REPUBLIKA.CO.ID, JAKARTA -- Syekh Ibrahim bin Adham merupakan seorang sufi yang hidup pada abad kedua Hijriyah. Alkisah, pakar tasawuf yang akrab disapa Abu Ishaq itu menggelar majelis ilmu di sebuah masjid.
Saat sesi tanya-jawab, tampak seseorang dari barisan belakang mengangkat tangannya. Ia hendak mengajukan pertanyaan kepada sang syekh.
Dengan gugup, lelaki ini memperkenalkan diri. Namanya ialah Jahdar bin Rabiah.
Untuk sesaat, ia terdiam, seperti hendak mengumpulkan nyali sebelum bersuara.
“Wahai, Abu Ishaq!” katanya kemudian, “aku selama ini gemar bermaksiat. Sudah berulang kali bertobat, tetapi kembali jatuh dalam dosa-dosa yang sama. Berikanlah untukku nasihat!”
Syekh Ibrahim bin Adham mengangguk perlahan.
“Akan kusebutkan lima syarat.
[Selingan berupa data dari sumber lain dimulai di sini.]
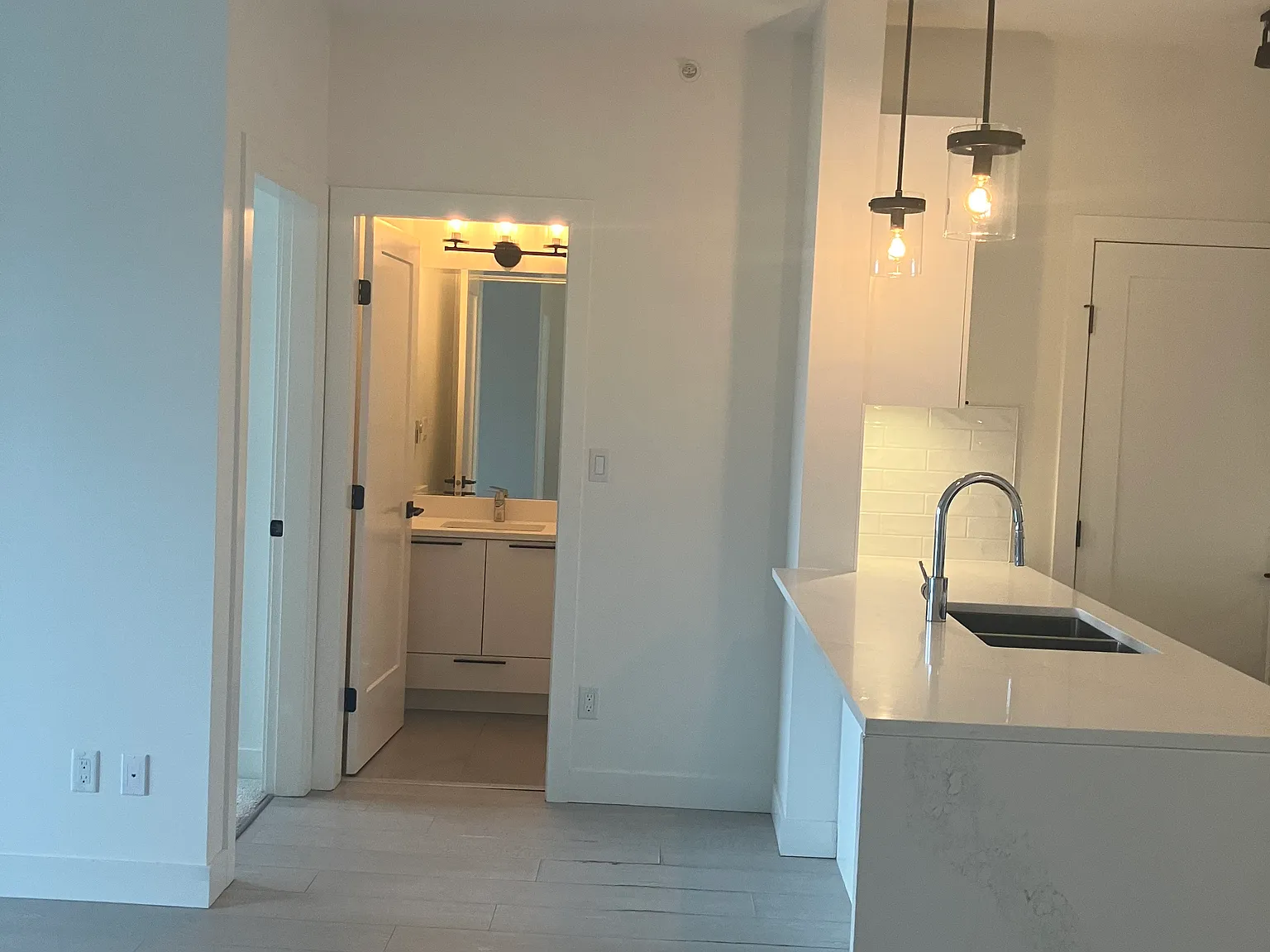 2 bed, 855 sqft, $1,900 — Photo 1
Jika mampu melakukan semuanya, engkau boleh saja kembali melakukan maksiat,” kata sufi ini.
Mendengar itu, Jahdar terkejut. “Apa saja syarat-syarat itu, wahai Syekh?” tanyanya.
“Pertama, engkau boleh bermaksiat, asalkan jangan menikmati rezeki atau karunia dari Allah Ta'ala."
“Bukankah semua yang manusia nikmati adalah rezeki dari Allah, ya Syekh?” katanya.